Mais do que o auxílio financeiro, Alexandra reconhece o valor de cumprir as condicionalidades de saúde e educação, pilares do programa. “Cuidem dos seus filhos, porque eles são o futuro. Temos o SUS, as vacinas, as escolas. É preciso insistir para que estudem. Sem educação, a gente não é nada”.
Assim gostaria de lhes dizer que mesmo com a manutenção do Bolsa Família em 2025, um fenômeno preocupa educadores, assistentes sociais e gestores públicos: cresce o número de crianças e adolescentes que demonstram desinteresse pela escola e manifestam o desejo de trabalhar cada vez mais cedo.
Neste Natal, enquanto celebramos o nascimento que simboliza cuidado, proteção e recomeço, é impossível ignorar as infâncias que seguem interrompidas pela pobreza, pela desigualdade e pela ausência do Estado. Crianças que deveriam brincar, aprender e sonhar ainda ocupam as ruas, trabalhando para sobreviver em um país que insiste em cobrar delas uma maturidade precoce.

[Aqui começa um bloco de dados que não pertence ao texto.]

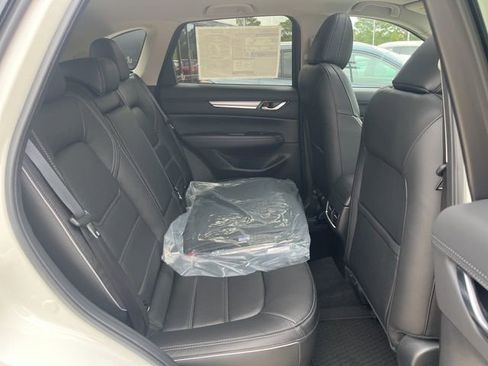 New 2025 MAZDA CX-5 AWD 2.5 S w/ Premium Plus Pkg image 28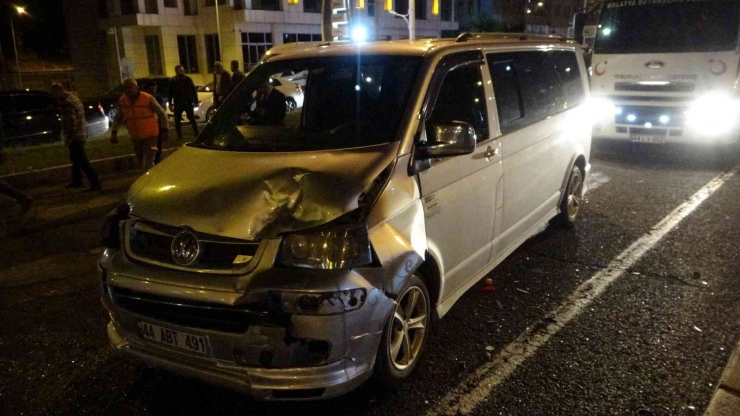 Malatya’da 4 Araç Birbirine Girdi, Trafik Kilitlendi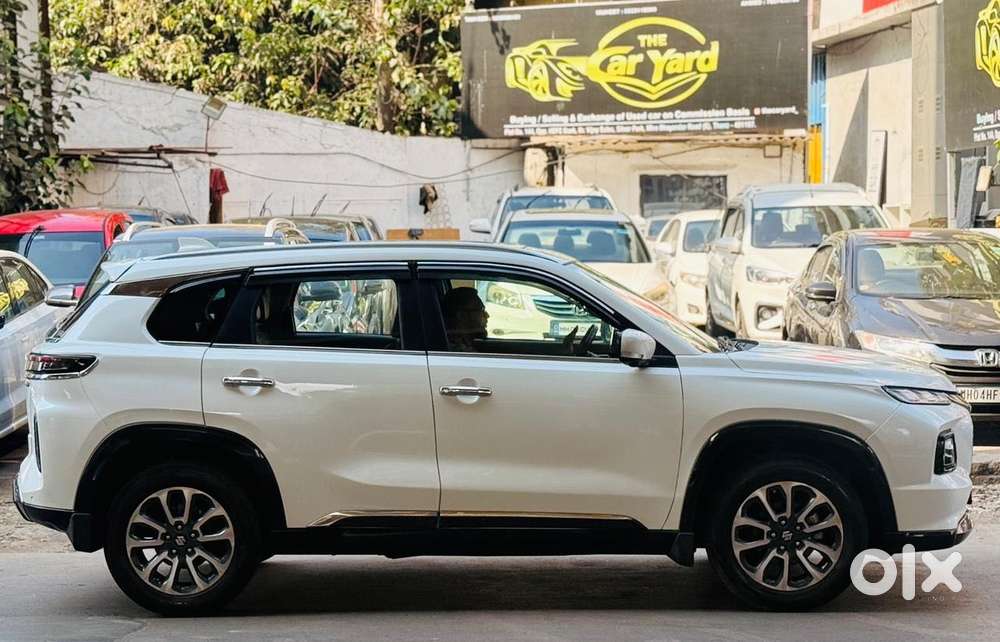 Maruti Suzuki Grand Vitara 1.5 Alpha Smart Hybrid At, 2023, Petrol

Que o Natal nos incomode. Que ele nos faça lembrar que proteger a infância não é caridade, é responsabilidade coletiva. Não basta indignar-se diante das cenas de exploração — é preciso transformar essa indignação em compromisso com políticas públicas, educação de qualidade, famílias amparadas e territórios cuidados.
Que 2026 chegue como um ano de ruptura com a naturalização da injustiça. Um ano em que a escola volte a fazer sentido, em que nenhuma criança precise trocar o caderno por moedas, e em que o futuro não seja um privilégio, mas um direito.
A esperança que o Natal anuncia não é ingênua: ela exige ação, presença e coragem. Que possamos, como sociedade, escolher proteger nossas crianças — porque nelas não está apenas o amanhã, mas a possibilidade de um país mais justo, humano e digno.
Que 2026 nos encontre mais responsáveis, não por termos trabalhado cedo demais, mas por termos cuidado melhor de quem ainda está começando a vida.
Nossa Senhora trouxe em seu ventre o nosso Salvador, Jesus Cristo, verdadeiro Deus e verdadeiro homem, que se fez próximo para enxergar — e assumir — a nossa miséria humana.
Ele veio para nos ensinar a ver além das aparências, a olhar o mundo com o coração. Porque Jesus é amor, é compaixão, é presença que transforma.
Que esse amor nos conduza à paz, à justiça e ao cuidado com os mais vulneráveis.